Maîtrisant de mieux en mieux leur affaire, le second opus de ce quintette indie-rock par excellence – et féminin – manie déflagrations rock et poses arty punk. Entre Sleater Kinney et le premier album des Raincoats.


Cas délicat que celui des Pretty Girls Make Graves. Pour remettre les choses dans leur contexte, leur second opus The New Romance (2003) ne nous avait pas vraiment mis les sens en éveil. Malgré des critiques élogieuses qui nous firent froncer le sourcil curieux, le ciment de l’entente n’a tout simplement pas pris une fois le disque consommé. Sans dégoût ni passion, nous étions tout bonnement incapables d’écrire là-dessus ou de porter un jugement tranché. Une situation agaçante pour notre condition entretenue de grande gueule rédigeant des chroniques de disques à profusion. On l’a donc rangé dans un coin, avec en tête d’y revenir le moment propice. Parfois l’écoute d’un disque n’est qu’affaire de timing et d’état d’esprit en adéquation. Le rapport que l’on porte à certains disques est parfois étrange : on en renie certains puis réévalue la chose, tandis que d’autres vénérés autrefois nous font maintenant l’effet d’un poil à gratter dans le dos…

Voilà peu, on a de nouveau franchi le pas et ressorti The New Romance du placard, histoire de vérifier qu’on avait peut-être manqué quelque chose il y a trois ans. Installé confortablement dans le fauteuil club, casque sur la tête, un cigare à la main et un thé glacé dans l’autre, toutes les conditions cette fois étaient optimales pour prendre d’assaut cette forteresse rock. On appuie sur la touche « play » de la platine CD, la battaille commence… 40 minutes plus tard, le verdict est sans appel : ça ne le fait toujours pas ! Définitivement fâché, on capitule cette fois pour de bon.

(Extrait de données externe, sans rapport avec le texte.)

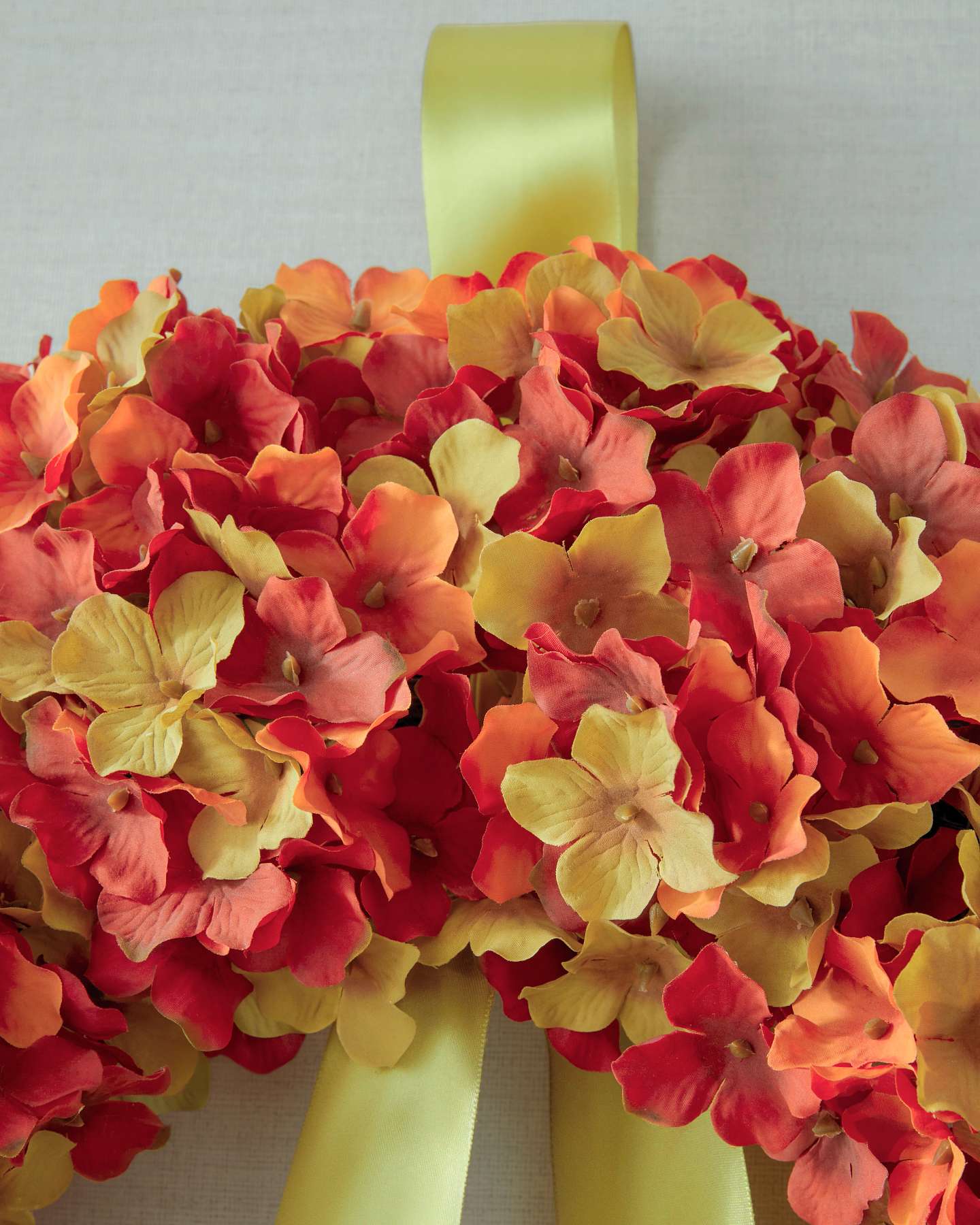 Balsam Hill Orange Rustic Hydrangea Artificial Fall Wreath Texture Close-Up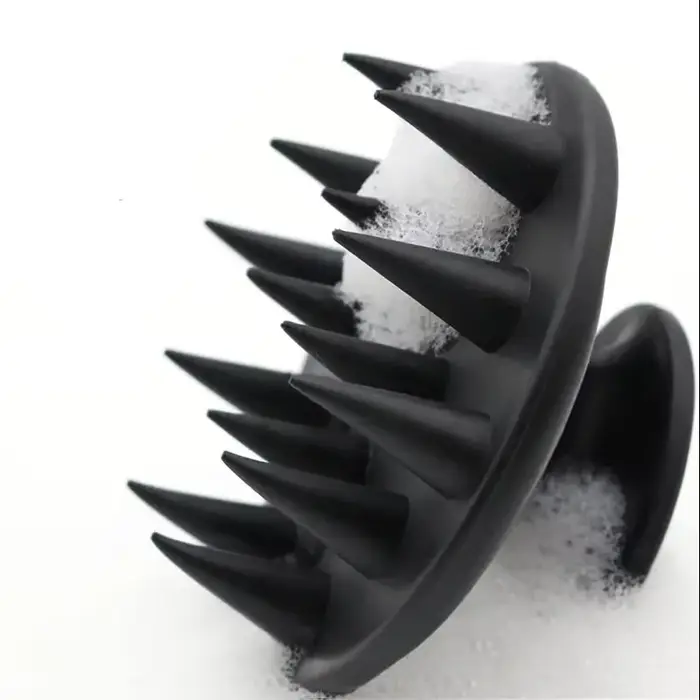Brosse de Massage de tête en Silicone Portable, brosse de nettoyage en profondeur du cuir chevelu et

Enfin… pas trop vite, le dossier n’est pas vraiment classé. Car à l’heure de la sortie imminente de leur troisième opus, le démon du critique rock ne rendant jamais les armes surgit à nouveau. Après avoir harcelé de milliers de coups de fil l’attaché de presse pour nous faire parvenir le dernier exemplaire promo gardé précieusement dans son tiroir, on décide de retourner au charbon. Miracle, cette fois le timing semble être le bon.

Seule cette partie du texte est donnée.